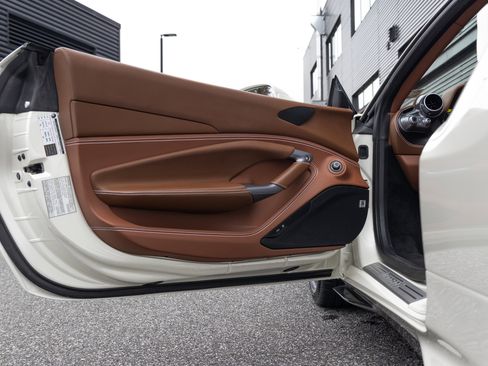 Certified 2022 Ferrari F8 Tributo image 11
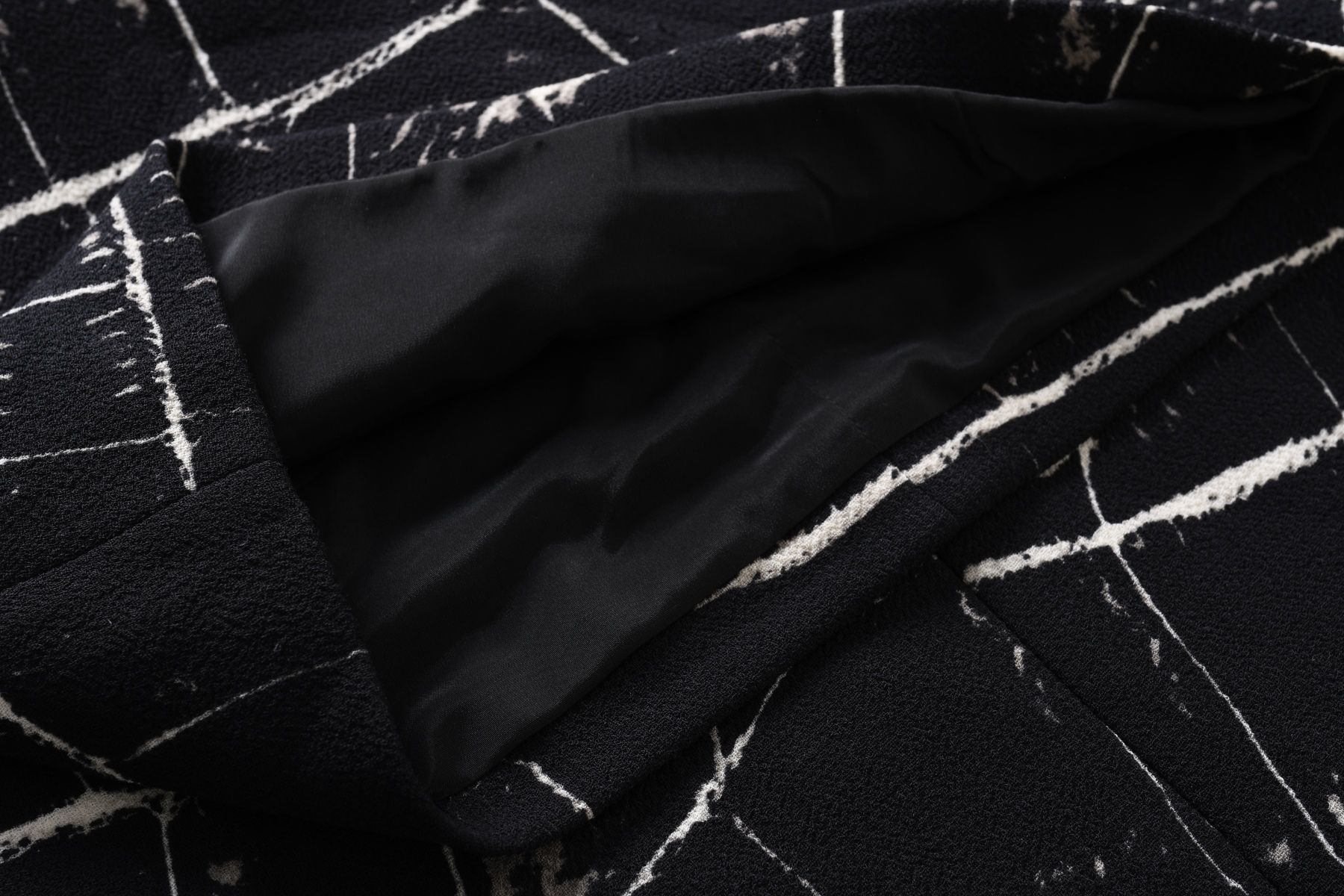 MAX MARA elegancka czarna sukienka midi bez rękawów deseń etui r. 36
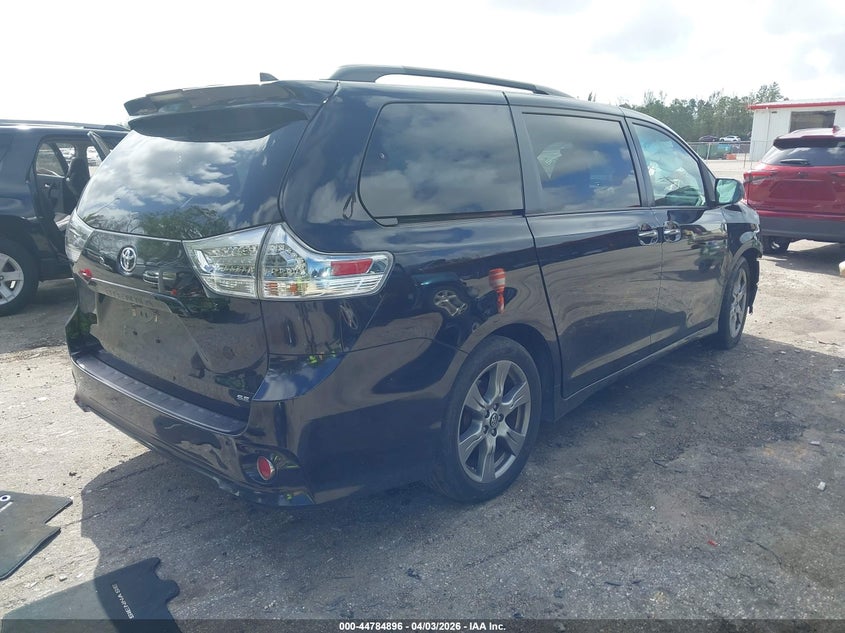 2018 Toyota Sienna Se Premium 8 Passenger
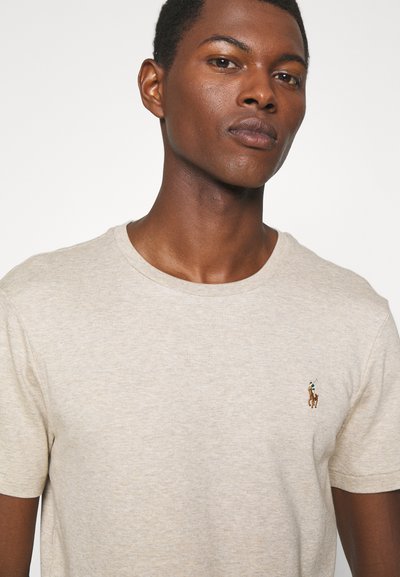 Polo Ralph Lauren CUSTOM SLIM FIT SOFT COTTON T-SHIRT - T-shirt básica - tuscan beige heather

Activity —
Working from the material above, transcribe it exactly while omitting pictures.

Task result —
 Certified 2022 Ferrari F8 Tributo image 11
 MAX MARA elegancka czarna sukienka midi bez rękawów deseń etui r. 36
 2018 Toyota Sienna Se Premium 8 Passenger
 Polo Ralph Lauren CUSTOM SLIM FIT SOFT COTTON T-SHIRT - T-shirt básica - tuscan beige heather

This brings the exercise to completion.